New figures show that insurance premiums are, on average, more expensive in December but new laws around policy pricing could mean a jump in bills from next month.
Buying your car insurance at the right time and shopping around has been found to offer savings of up to £300, with 20 days before renewal identified as the “sweet spot” for the cheapest quotes by comparison site Compare the Market.
It found that drivers who wait until the last minute before choosing a new policy face quotes that are, on average, £306 more than those who look for a quote 20 days in advance - £707 compared with £401.
Despite this, its data also shows that more than half of drivers leave it until the week before renewal before they start shopping around and a third of searches take place on the final day of a policy.
This year, though, new legislation designed to protect customers is complicating matters further.
Figures from the last eight years show that prices are usually cheap in the first three months of the year, steadily rising through the year to then spike in December, when they are £50 more expensive than the cheapest month.
However, the site’s experts are warning that this coming January could bring a shock for some motorists as rules designed to protect loyal customers could affect those shopping around for a new insurer.
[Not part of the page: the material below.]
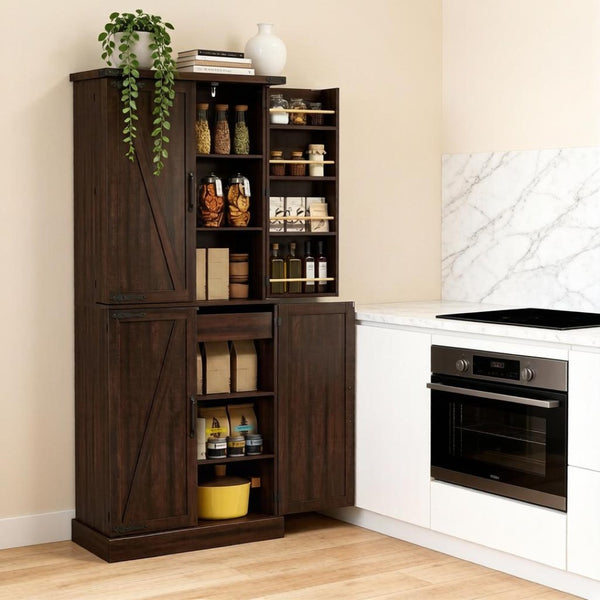 English Elm Home Office Farmhouse Pantry Cabinet with Barn Sliding Doors and Adjustable Shelving T3971P512627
The new regulations from the Financial Conduct Authority ban insurers from offering any special deals exclusively to new customers. This will mean existing customers will be able to get the same price as any new customer. However, rather than extend special offers to existing customers, insurers are expected to simply end discounted premiums designed to lure in new customers.
Ursula Gibbs, director of comparethemarket.com, commented: "While motor insurance has typically been cheap at the start of the year, 2022 could be different. With a major regulatory rule change fast approaching, the cost of insurance could increase significantly next year. If your policy is due to auto-renew in the next few weeks, you may be better off switching sooner rather than later."